E' comunque una datata pronunzia in merito, superata della giurisprudenza di legittimità piu recente sopra riportata.
In definitiva si deve concludere che, dopo l'entrata in vigore della legge 975/84 (ciò è avvenuto l'1/4/1991), a seguito della ratifica ed esecuzione della Convenzione sulla legge applicabile alle obbligazioni contrattuali l'art. 25 comma 1 delle preleggi attinente alle competenze delle obbligazioni contrattuali (forme contratti) è stato sostituito ed è ora applicabile l'art. 3 della Convenzione che dispone che il foro per le controversie relative a parte dei contratti o a tutto il contratto è scelto dalle parti.

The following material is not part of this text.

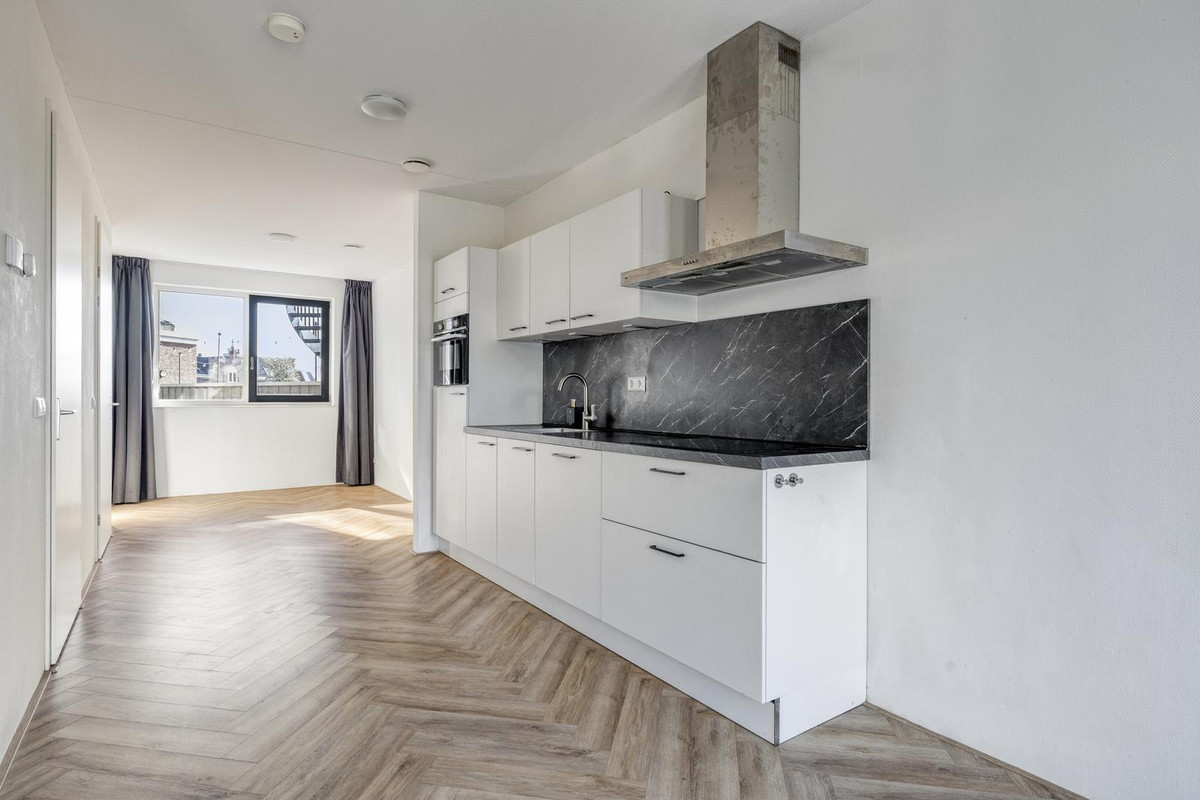 Appartement te koop: Bergweg 108E, Rotterdam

In caso le parti non abbiano indicato in contratto alcun foro, il successivo art.4 sancisce quale foro quello con piu immediato riferimento al contenuto del contratto, elencando una serie di regole per individuarlo.
In definitiva è concreta la possibilità di soggiacere ad una giurisdizione straniera, che ripetesi, conosciamo meno.
Difficile e costoso potrebbe essere difendere i diritti delle parti in uno stato certamente più lontano della propria residenza.
Questi motivi non possono certo essere ostativi all'istaurazione di proficui rapporti di lavoro.
La conoscenza di tali problematiche, tuttavia, stimolerà ad essere attenti alle clausole contrattuali e, semmai, a farsi assistere da un professionista adeguato, nella fase precedente la sottoscrizione del contratto, quantomeno per comprendere la disciplina cui soggiace lo stipulando mandato.